Buna verilen cevap şudur: Geç müslüman olmasına rağmen Ebû Hureyre'nin çok hadis rivâyet etmesi, onların ileri sürdükleri sebeplere bağlanamaz. Bunun asıl sebebi, dünyadan el-etek çekip Hz. Peygamber'in toplantılarına katılması, savaşta ve savaş dışında onun yanından ayrılmaması, hadisleri unutmaması için Hz. Peygamber'in duasını alması, Hz. Peygamber'in vefâtından sonra elli yıl kadar daha yaşaması ve duymadığı hadisleri diğer sahâbîlerden alarak insanlara rivâyet etmesidir (A.g.e. ve yer). Helâl ve haram dışındaki konularda Hz. Peygamber'e yalan isnad etmesini kendisi için câiz görmesi iddiası da geçersizdir. Çünkü o, "Kim bilerek bana yalan isnad ederse cehennemdeki yerine hazırlansın" hâdisinin râvîlerinden biridir. Birçok toplantılarında hadis rivâyet etmek istediğinde bu hadisi zikrettiği sâbittir. Sahâbiler, onun hadis rivâyetindeki üstünlüğünü kabul ettiler ve ondan hadis naklettiler. Hz. Ömer, Osman, Talha, İbn Abbâs, Âişe, Abdullah b. Ömer ve diğerleri (r.anhum) bunlardandır (Hâkim en-Nisâbûrî, a.g.e., III, 513; İbn Kesir, a.g.e., VIII, 108). Bu da onların, Ebû Hureyre'nin güvenilirliği ve doğruluğu hususunda ittifak ettiklerini gösterir. Diğer taraftan, Ebû Hureyre'nin rivâyet ettiği hadislerin çoğunun, başka sahâbîler tarafından da nakledildiği görülür (M. Ebû Zehv, a.g.e., 160, 161).

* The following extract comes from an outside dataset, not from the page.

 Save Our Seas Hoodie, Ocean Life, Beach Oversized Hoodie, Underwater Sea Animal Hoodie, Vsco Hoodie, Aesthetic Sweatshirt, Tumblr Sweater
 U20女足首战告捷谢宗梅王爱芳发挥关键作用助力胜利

Ebû Hureyre'nin dayandığını ileri sürdükleri hadislere gelince, bu hadisleri Ebû Hureyre rivâyet etmemiştir. Aksine bunlar onun adına uydurulmuş sözlerdir. Bu hususta İbn Hazm şöyle demiştir: "Allah'tan korkmaz bazı insanlar birtakım hadisler rivâyet ettiler. Bunların bazısı İslâm'ın temel prensiplerini geçersiz kılmakta, bazıları da Hz. Peygamber'e yalan isnat etmeyi mübah saymaktadır. " İbn Hazm bu iki hadisi de, râvîlerinin çok zayıf olmasından ötürü geçersiz saymaktadır (İbn Hazm, el-İhkâm fî Usûli'l-Ahkâm, Mısır 1345, II, 76, 78, 80; M. Ebû Zehv, a.g.e., 161, 162).

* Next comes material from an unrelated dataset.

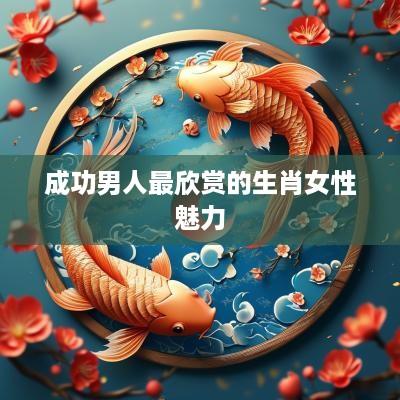 成功男人最欣赏的生肖女性魅力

Macar asıllı ünlü müsteşrik yahudi İgnaz Goldziher de Ebû Hureyre'nin hadis uydurduğunu ve bunda hayli ileri gittiğini ileri sürmüştür. Böyle bir tenkid tümüyle bâtıldır, geçersizdir ve hiçbir haklı tarafı yoktur. Buhâri'nin söylediği gibi Ebû Hureyre'den sekizyüz âlim hadis rivâyet etmiştir. O, sahâbe ve muhaddisler nazarında son derece güvenilir yüce bir şahsiyettir. İbn Ömer şöyle demiştir: "Ebu Hureyre benden daha hayırlı ve naklettiğini daha iyi bilendir." Cennet'le müjdelenenlerden biri olan Talha b. Ubeydullah da: "Şüphe yok ki Ebû Hureyre Hz. Peygamber'den bizim işitmediğimiz hadisleri işitmiştir" demiştir (el-Hâkim en-Nisâbûrî, a.g.e, III, 511, 512). Mervan'ın sekreteri Ebû Zualza'a da Ebû Hureyre'nin hadis rivâyetinde ne derece güçlü olduğunu gösteren şu haberi nakleder: "Mervan, Ebû Hureyre'yi Saray'da hadis rivâyet etmek için dâvet etmişti. Mervan beni divanın arkasına oturtmuştu ve ben de Ebû Hureyre'nin naklettiklerini gizlice yazıyordum. Ertesi yıl yine onu dâvet etti ve ondan hadis rivâyet etmesini istedi. Bana da bir yıl önceki yazdıklarımdan takip etmemi tenbih etti. Neticede, onun bir tek kelime bile değişiklik yapmadan rivâyet ettiğini gördüm (İbn Kesir, a.g.e., III, 106; M. Ebû Zehv, a.g.e., 162-164).

Ebû Hureyre 78 yıl yaşadıktan sonra Hicrî 57/676 yılında Medine'de vefât etmiştir.